Live coding 8

This topic is for discussion of the 8th live coding session

<<< session 7session 9 >>>

Links from the walk-thru

What was covered

  • (please contribute here)

Video timeline - thank you @Mattr

05:10 - Running a kaggle notebook on your local computer
09:10 - Setting up to run on your own GPU server
15:40 - Get back to where we left off in walkthru7
16:00 - Get file sizes the slow way
17:00 - Using parallel processing to speed things up
23:00 - Selecting a different image model from timm
29:00 - Start fine tuning model
30:50 - Description of fine_tune
35:50 - Discussion of fit one cycle
48:30 - Applying fine tuned model to test set
49:00 - Reviewing docs for test data loader for inference
52:00 - Preparing file for kaggle submission
1:00:00 - Visually check results and submission file
1:02:10 - Submit entry to kaggle from command line
1:06:00 - Check leaderboard on kaggle site for problems
1:07:00 - Fix order of results file and resubmit
1:10:00 - Questions

9 Likes

Ok so it’s Dynamic DNS service i need to connect to GPU server from outside my home network.

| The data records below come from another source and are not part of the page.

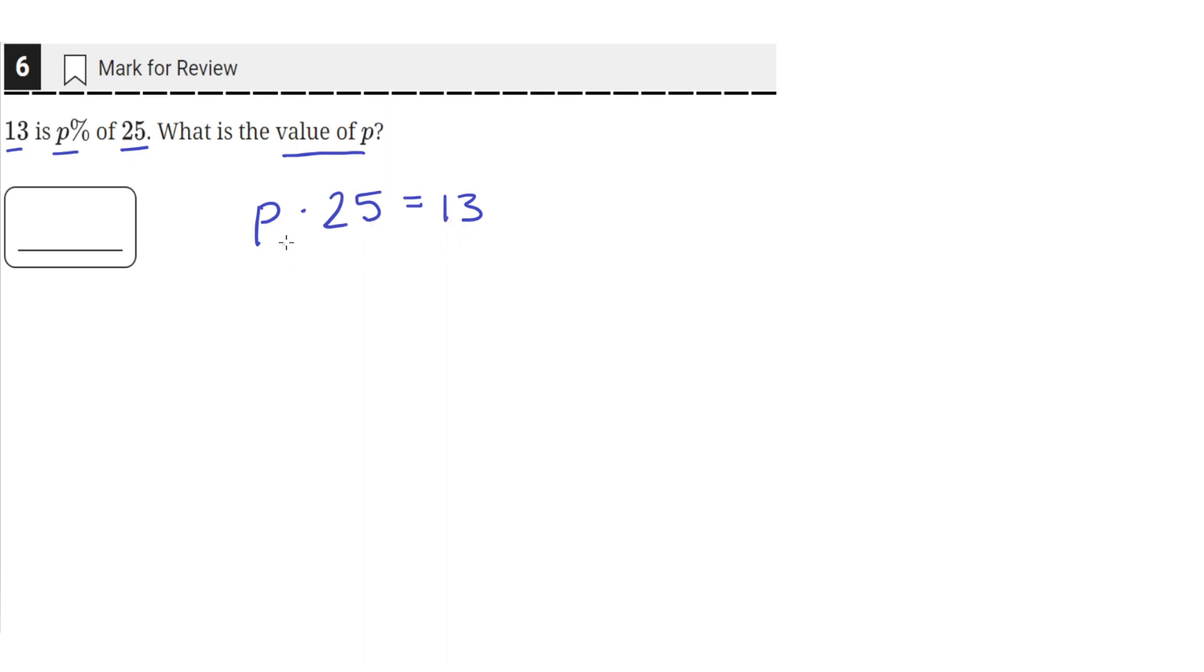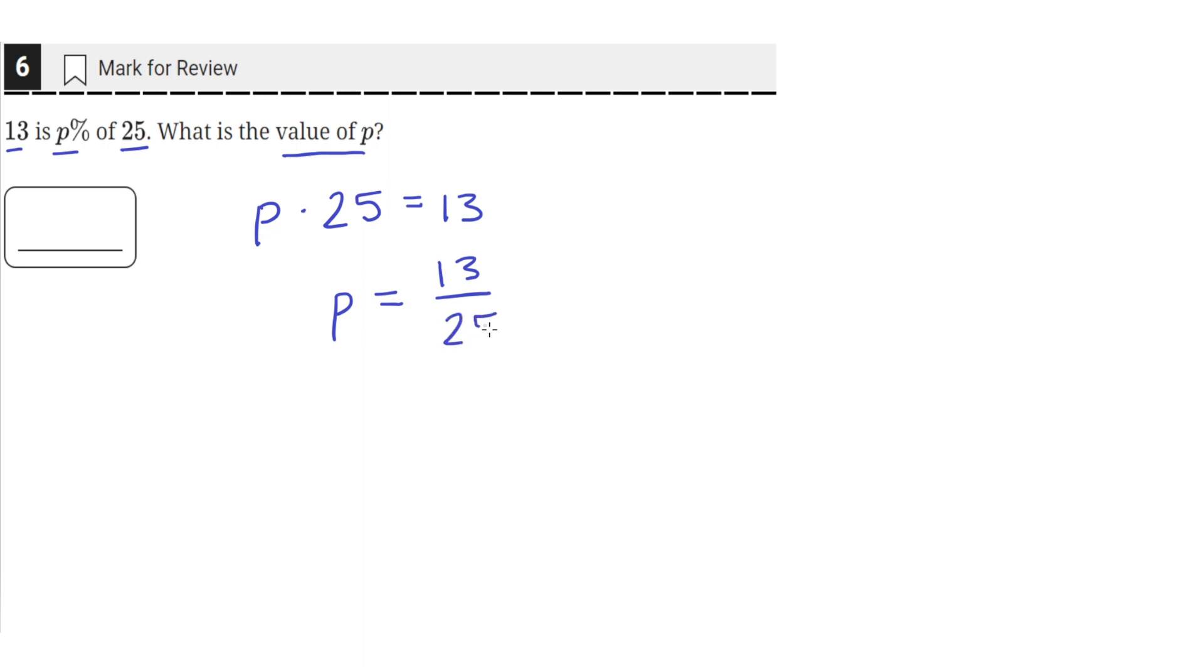We can use this to solve for the value of P. We divide both sides by 25 to get P isolated, so P will be equal to 13 over 25.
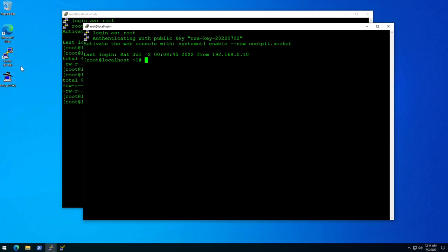One important thing to know is that this key is special for PuTTY only. If you have a different type of key — for example one created with OpenSSL — that key would not work with PuTTY; you're going to have to convert it. The next thing I'm going to show you is how to convert a key made with OpenSSL so it works with PuTTY.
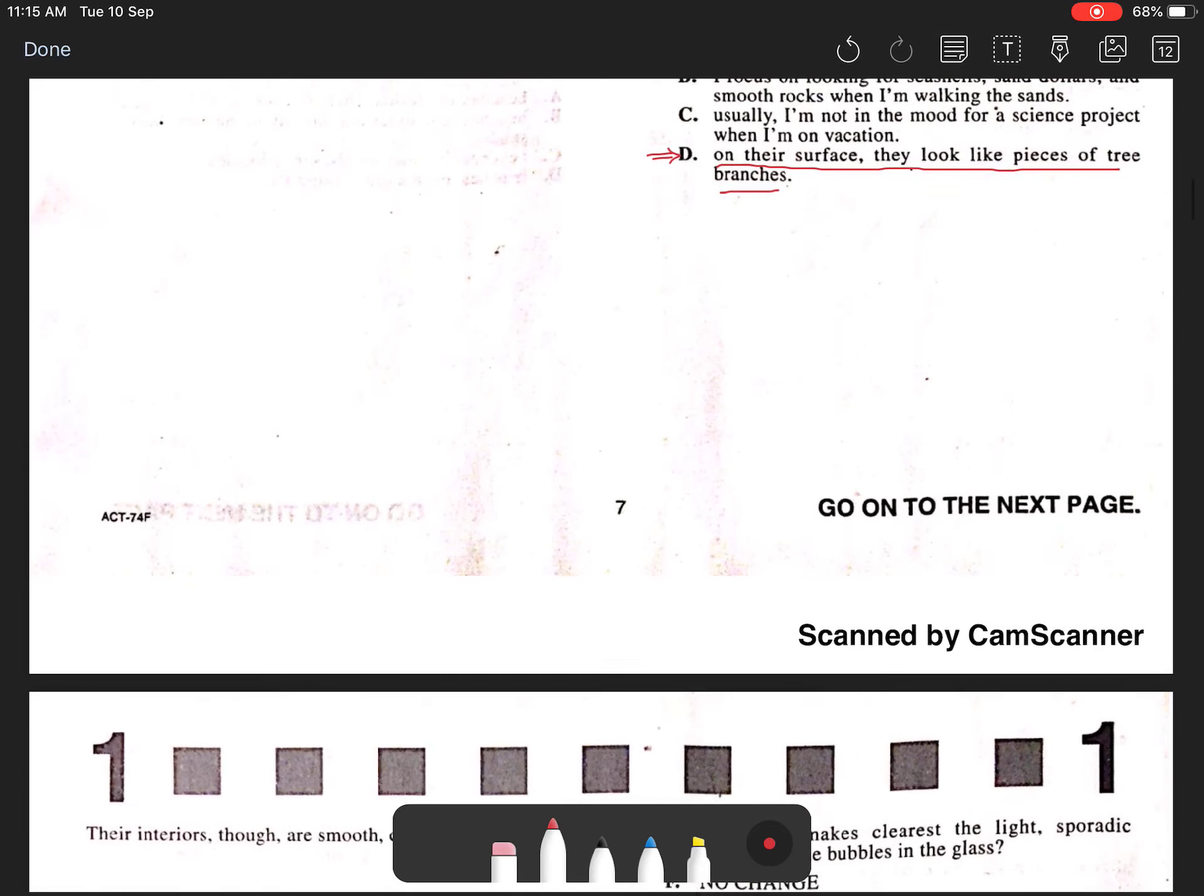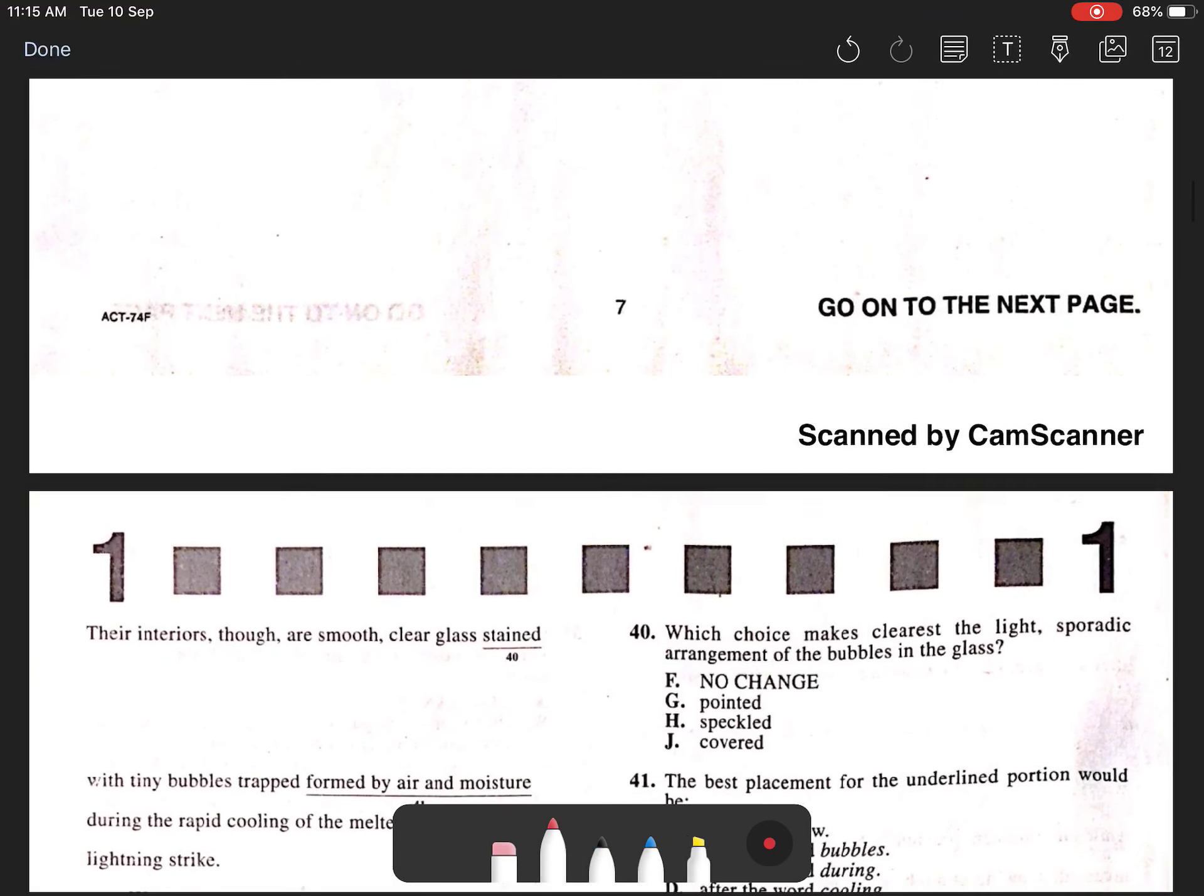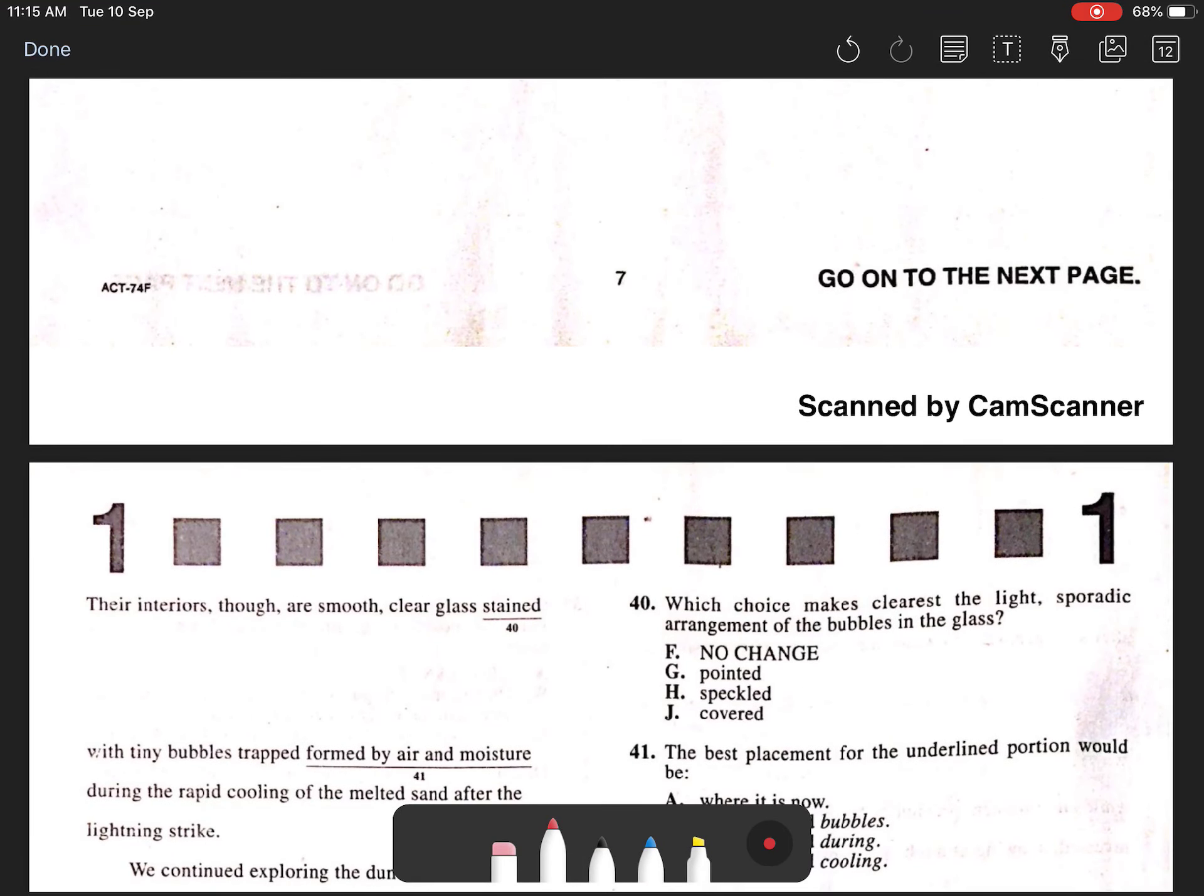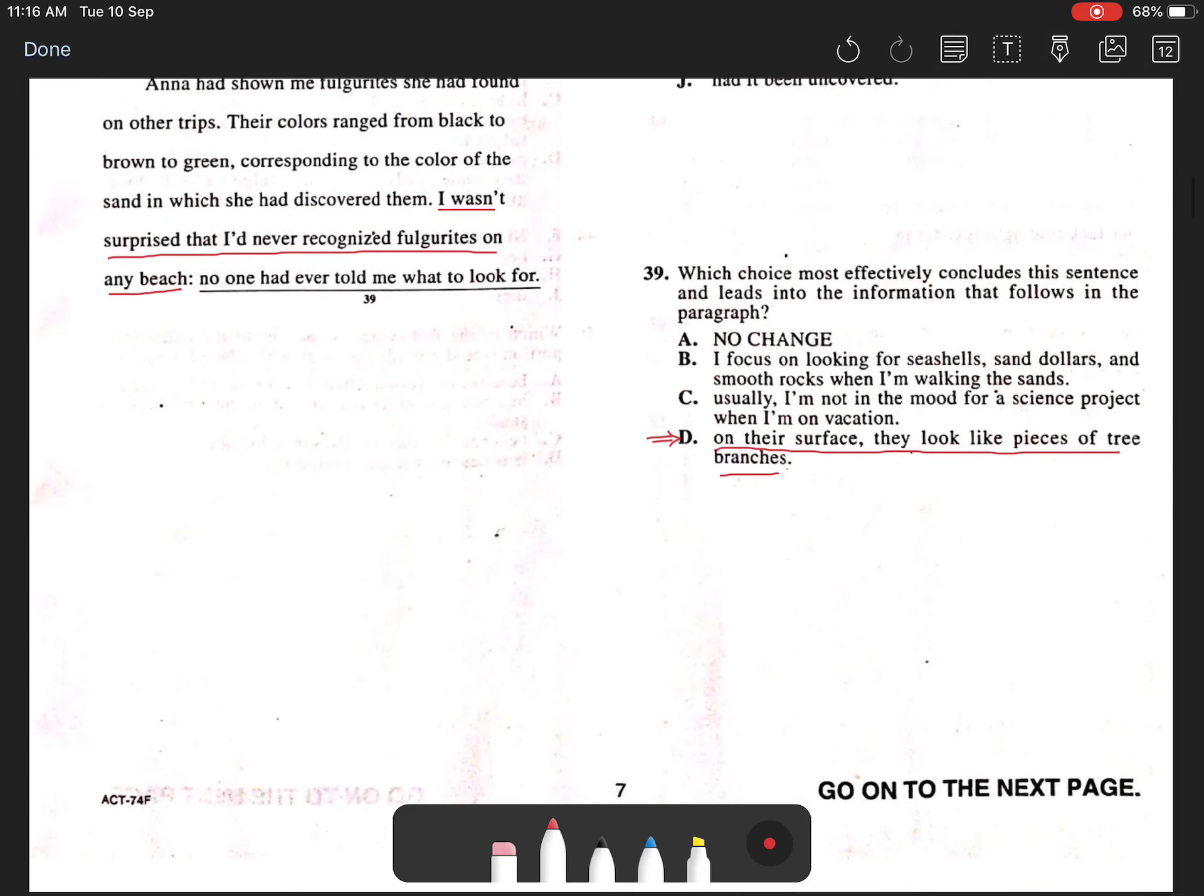This is the most effective choice here because it contrasts itself most appropriately with the sentence that follows later. Their interiors though are smooth clear. Hence D.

Thank you for this lesson Jeremy!

4 Likes

I have not known about any of the ! commands before, the whole bringing to background/foreground thing also seemed a little bit remote to me even though I technically knew about it, but now that I started using all this moving around in bash feels so much nicer :slight_smile:

Dunno what the effect is, as I genuinely did know about pushd for example, but it took being part of the walk-thrus to actually start using all this :thinking: Awesome and a big thanks! :smile:

Inspired by all the installing of stuff and changing the PATH environment variable, (and symlinking!) I wrote this small program for running docker, it is super useful to me

#!/usr/bin/env python3

import argparse
import subprocess

parser = argparse.ArgumentParser()
parser.add_argument('-i', '--image', help='name of the docker image to run', type=str, default='nvcr.io/nvidia/merlin/merlin-pytorch-training:22.05')
parser.add_argument('-c', '--cmd', help='cmd to run', type=str, default='jupyter notebook --ip=0.0.0.0 --allow-root --no-browser --NotebookApp.token=""')
parser.add_argument('-np', '--no-port-forwarding', help='forward port 8888', action='store_true')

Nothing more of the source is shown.